_ACTIVITY_:
Retype exactly what appears below from the line containing "Veste matelassée slim" down to the line containing "modern living room", keeping both end lines. Do not include pictures.

_AVAILABLE DATA_:
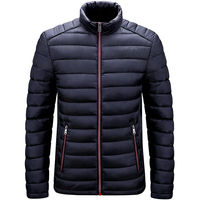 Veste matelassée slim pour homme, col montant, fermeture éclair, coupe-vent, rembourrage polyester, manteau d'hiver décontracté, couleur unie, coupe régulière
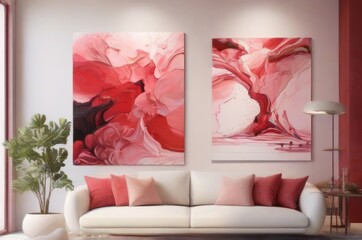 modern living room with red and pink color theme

...

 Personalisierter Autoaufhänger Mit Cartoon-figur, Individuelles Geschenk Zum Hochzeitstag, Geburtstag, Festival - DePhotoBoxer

...

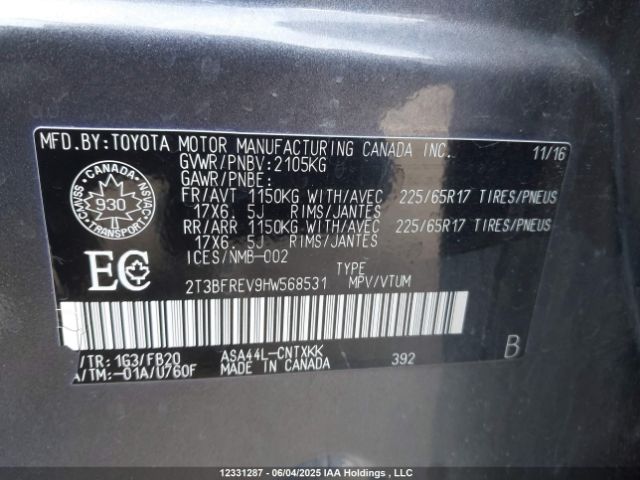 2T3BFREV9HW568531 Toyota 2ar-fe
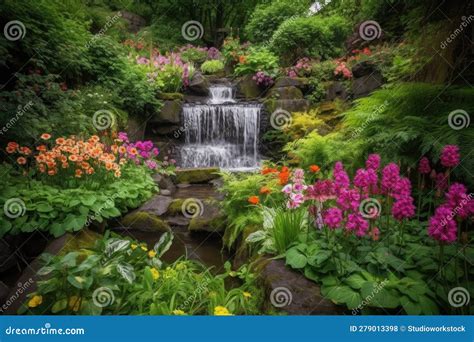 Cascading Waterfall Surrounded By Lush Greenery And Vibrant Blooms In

_OUTPUT OF THE TASK_:
 Veste matelassée slim pour homme, col montant, fermeture éclair, coupe-vent, rembourrage polyester, manteau d'hiver décontracté, couleur unie, coupe régulière
 modern living room with red and pink color theme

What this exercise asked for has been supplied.